== Segment start ==
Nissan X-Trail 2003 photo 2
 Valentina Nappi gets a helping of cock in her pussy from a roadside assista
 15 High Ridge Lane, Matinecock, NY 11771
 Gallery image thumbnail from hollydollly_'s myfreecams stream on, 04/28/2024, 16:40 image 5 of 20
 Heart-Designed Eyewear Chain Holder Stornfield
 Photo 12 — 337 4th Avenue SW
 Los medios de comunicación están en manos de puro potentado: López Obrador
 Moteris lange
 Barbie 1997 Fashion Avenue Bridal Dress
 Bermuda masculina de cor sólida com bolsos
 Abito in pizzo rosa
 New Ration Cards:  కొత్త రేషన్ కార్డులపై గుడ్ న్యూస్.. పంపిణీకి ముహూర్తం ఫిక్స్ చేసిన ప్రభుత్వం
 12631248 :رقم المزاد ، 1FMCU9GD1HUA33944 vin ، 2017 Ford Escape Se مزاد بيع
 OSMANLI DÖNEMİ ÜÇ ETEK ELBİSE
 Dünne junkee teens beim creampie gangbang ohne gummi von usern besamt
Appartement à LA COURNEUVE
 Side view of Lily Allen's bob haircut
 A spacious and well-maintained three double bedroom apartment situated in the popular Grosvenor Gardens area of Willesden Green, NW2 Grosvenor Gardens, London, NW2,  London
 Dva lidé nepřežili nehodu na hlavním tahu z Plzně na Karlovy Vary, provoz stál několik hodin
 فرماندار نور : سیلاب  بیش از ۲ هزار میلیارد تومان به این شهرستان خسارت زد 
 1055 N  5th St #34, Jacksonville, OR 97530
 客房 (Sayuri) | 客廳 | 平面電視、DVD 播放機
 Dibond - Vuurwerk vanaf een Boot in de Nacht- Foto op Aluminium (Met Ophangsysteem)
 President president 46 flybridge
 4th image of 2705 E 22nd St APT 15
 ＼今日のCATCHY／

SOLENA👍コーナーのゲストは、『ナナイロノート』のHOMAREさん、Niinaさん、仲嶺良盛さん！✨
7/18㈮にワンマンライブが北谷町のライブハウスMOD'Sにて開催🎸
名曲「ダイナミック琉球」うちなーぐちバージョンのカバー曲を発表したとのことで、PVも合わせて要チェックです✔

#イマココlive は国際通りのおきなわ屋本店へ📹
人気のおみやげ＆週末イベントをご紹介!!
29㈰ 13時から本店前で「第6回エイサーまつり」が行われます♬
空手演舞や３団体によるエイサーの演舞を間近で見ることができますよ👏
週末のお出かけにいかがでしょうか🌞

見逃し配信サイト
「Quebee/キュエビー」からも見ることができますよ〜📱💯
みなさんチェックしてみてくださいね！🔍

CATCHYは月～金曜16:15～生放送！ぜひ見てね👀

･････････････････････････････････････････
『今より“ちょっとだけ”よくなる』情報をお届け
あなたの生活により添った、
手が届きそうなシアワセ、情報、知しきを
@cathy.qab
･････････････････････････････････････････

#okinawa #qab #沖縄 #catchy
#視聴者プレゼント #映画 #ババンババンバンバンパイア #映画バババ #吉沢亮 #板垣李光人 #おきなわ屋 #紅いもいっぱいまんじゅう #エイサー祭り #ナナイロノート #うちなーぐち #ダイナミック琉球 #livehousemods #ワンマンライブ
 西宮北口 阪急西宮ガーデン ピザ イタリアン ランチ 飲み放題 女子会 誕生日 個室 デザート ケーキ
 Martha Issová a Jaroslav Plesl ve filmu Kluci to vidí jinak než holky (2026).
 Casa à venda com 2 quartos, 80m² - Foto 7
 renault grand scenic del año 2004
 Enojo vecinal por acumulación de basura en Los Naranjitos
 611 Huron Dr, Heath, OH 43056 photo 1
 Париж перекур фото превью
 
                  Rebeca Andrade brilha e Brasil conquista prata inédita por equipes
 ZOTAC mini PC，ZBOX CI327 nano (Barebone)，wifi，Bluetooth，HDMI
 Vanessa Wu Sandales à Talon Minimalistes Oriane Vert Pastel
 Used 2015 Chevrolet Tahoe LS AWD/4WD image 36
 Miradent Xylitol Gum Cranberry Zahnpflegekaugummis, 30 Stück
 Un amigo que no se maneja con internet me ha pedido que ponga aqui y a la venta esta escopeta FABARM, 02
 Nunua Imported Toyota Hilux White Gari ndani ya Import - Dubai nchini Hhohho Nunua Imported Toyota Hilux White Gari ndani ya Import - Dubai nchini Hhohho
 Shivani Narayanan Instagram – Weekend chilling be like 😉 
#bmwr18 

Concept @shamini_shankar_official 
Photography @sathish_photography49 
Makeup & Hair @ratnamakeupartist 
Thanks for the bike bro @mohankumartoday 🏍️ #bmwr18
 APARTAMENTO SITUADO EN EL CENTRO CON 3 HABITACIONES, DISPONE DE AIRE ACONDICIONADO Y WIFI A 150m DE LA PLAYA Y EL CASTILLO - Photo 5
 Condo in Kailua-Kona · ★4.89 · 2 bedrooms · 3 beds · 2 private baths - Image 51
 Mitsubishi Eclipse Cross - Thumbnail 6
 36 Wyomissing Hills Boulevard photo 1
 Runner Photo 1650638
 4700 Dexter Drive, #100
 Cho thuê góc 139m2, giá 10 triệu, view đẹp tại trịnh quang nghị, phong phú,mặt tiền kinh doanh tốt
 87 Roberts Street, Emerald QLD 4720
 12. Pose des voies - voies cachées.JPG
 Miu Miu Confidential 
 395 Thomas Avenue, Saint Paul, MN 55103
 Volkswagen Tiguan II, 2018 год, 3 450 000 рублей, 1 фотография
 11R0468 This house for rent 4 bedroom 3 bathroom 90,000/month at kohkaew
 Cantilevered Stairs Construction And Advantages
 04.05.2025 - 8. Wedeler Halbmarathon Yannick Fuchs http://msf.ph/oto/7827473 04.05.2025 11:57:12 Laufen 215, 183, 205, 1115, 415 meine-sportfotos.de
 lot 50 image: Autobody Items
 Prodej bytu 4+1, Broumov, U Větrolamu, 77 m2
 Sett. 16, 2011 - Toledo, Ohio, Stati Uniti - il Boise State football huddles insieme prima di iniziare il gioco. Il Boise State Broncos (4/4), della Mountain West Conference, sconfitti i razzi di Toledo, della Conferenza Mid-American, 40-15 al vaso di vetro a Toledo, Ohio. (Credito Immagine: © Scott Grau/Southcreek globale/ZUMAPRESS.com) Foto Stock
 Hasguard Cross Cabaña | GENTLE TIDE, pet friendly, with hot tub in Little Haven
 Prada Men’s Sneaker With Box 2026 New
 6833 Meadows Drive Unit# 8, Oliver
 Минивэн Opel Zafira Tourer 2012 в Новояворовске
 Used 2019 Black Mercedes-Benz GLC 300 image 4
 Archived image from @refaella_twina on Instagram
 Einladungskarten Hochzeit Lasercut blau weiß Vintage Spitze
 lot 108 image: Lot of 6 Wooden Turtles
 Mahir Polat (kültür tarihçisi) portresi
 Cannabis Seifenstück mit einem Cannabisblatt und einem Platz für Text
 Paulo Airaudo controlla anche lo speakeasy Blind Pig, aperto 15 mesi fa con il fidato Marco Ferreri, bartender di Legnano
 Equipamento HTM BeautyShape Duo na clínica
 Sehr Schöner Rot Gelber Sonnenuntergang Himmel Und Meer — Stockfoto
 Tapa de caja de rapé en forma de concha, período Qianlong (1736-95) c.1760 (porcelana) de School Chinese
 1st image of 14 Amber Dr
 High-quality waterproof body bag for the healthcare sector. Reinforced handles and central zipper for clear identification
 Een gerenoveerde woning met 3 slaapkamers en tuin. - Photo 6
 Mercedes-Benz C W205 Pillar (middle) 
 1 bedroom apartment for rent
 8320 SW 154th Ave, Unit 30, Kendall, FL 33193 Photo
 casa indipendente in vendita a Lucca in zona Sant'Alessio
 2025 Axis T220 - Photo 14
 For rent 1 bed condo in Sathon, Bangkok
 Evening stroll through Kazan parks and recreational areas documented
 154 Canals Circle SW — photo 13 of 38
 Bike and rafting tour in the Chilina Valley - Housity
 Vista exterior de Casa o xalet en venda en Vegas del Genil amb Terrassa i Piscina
== Segment end ==
● **Task instructions**: When you find a line in the records that contains the word "High", copy it.

● **Response to the exercise**:
 15 High Ridge Lane, Matinecock, NY 11771
 High-quality waterproof body bag for the healthcare sector. Reinforced handles and central zipper for clear identification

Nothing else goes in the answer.